REQUIREMENT - Your answer must be the full set of records, copied exactly, with no pictures in it.

DATASET ENTRIES -
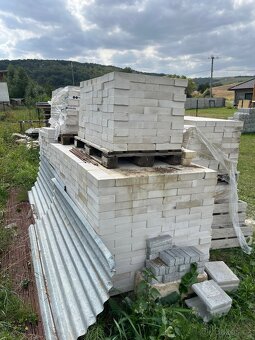 Bílé cihly 4 Kč/ks - 2
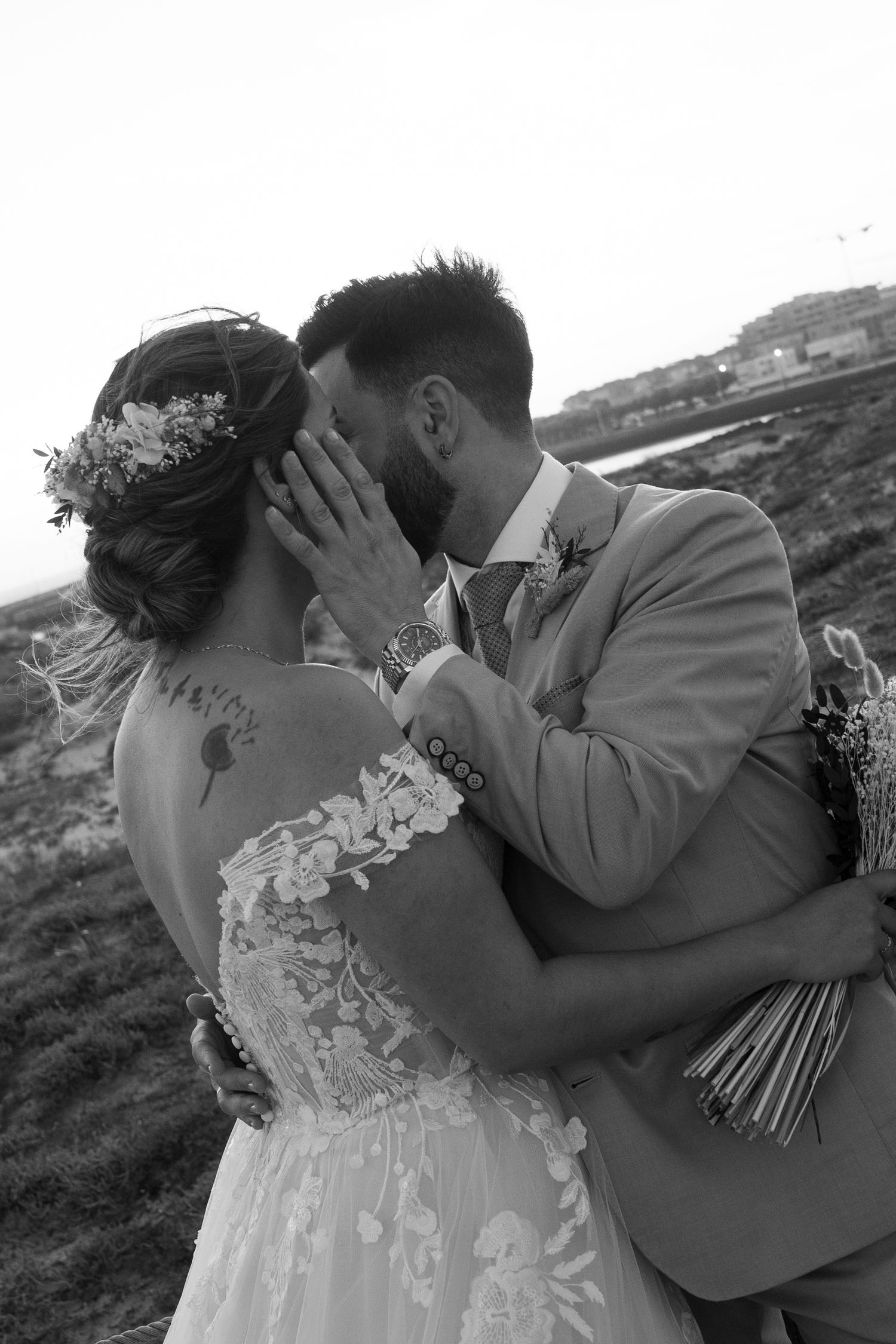 Cobertura completa do casamento em [cidade], fotos emocionantes para lembranças eternas.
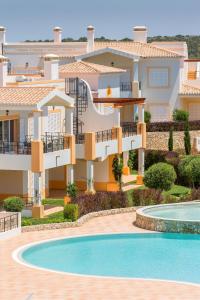 Nau Salema Beach Village,Barao De Sao Miguel>>Algarve,4 star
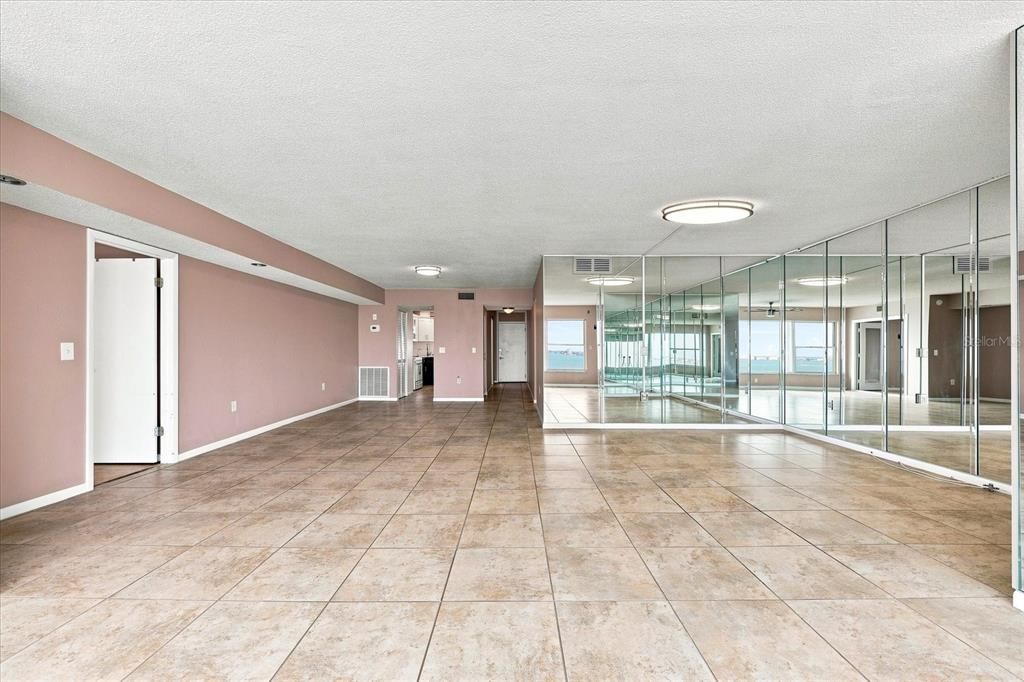 For Sale: $299,000 (2 beds, 2 baths, 1450 Square Feet)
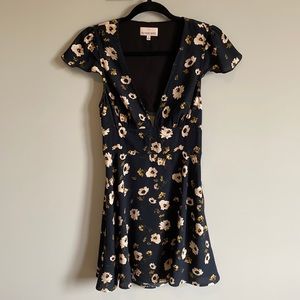 Aritzia - SUNDAY BEST Dress- 4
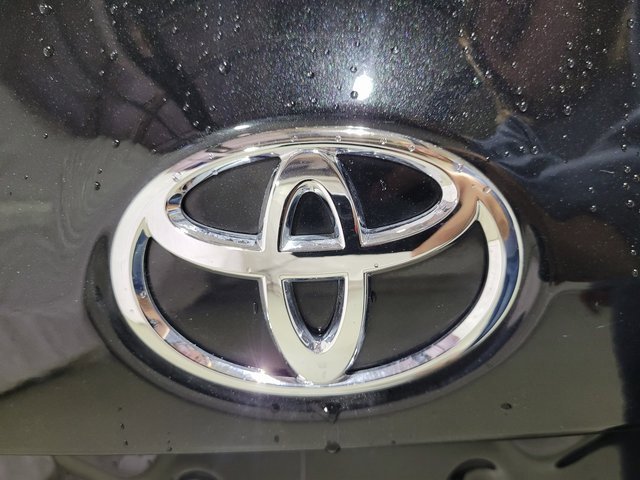 Used 2017 Toyota Corolla LE image 56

ANSWER BOX -
 Bílé cihly 4 Kč/ks - 2
 Cobertura completa do casamento em [cidade], fotos emocionantes para lembranças eternas.
 Nau Salema Beach Village,Barao De Sao Miguel>>Algarve,4 star
 For Sale: $299,000 (2 beds, 2 baths, 1450 Square Feet)
 Aritzia - SUNDAY BEST Dress- 4
 Used 2017 Toyota Corolla LE image 56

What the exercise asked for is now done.